Problem description: Produce word for word the lines of the data below running from the one that has "METHODS AND SYSTEMS" to the one that has "iPhone 12 Pro 128 GB — отличное состояние", inclusive, and no others.
[Supplied records Boundary: Start]
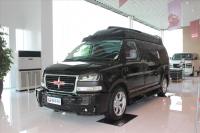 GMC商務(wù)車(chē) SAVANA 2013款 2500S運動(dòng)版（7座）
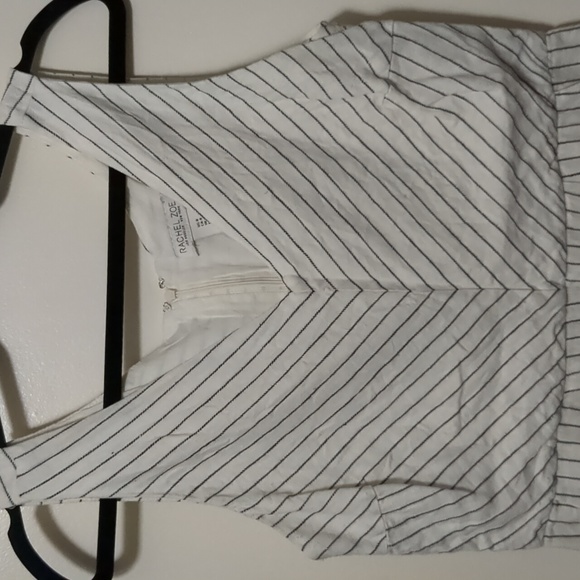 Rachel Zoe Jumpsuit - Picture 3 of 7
[Supplied records Boundary: End]
[Supplied records Boundary: Start]
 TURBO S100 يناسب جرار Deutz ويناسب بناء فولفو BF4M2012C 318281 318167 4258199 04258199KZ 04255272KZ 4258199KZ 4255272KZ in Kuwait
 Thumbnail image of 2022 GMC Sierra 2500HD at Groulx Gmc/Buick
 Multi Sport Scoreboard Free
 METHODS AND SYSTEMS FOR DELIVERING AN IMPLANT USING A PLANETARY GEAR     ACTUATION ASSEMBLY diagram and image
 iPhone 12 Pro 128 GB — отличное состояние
[Supplied records Boundary: End]
[Supplied records Boundary: Start]
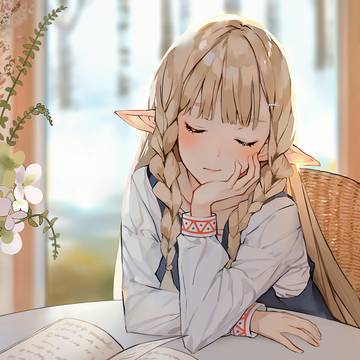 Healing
[Supplied records Boundary: End]
Answer space:
 METHODS AND SYSTEMS FOR DELIVERING AN IMPLANT USING A PLANETARY GEAR     ACTUATION ASSEMBLY diagram and image
 iPhone 12 Pro 128 GB — отличное состояние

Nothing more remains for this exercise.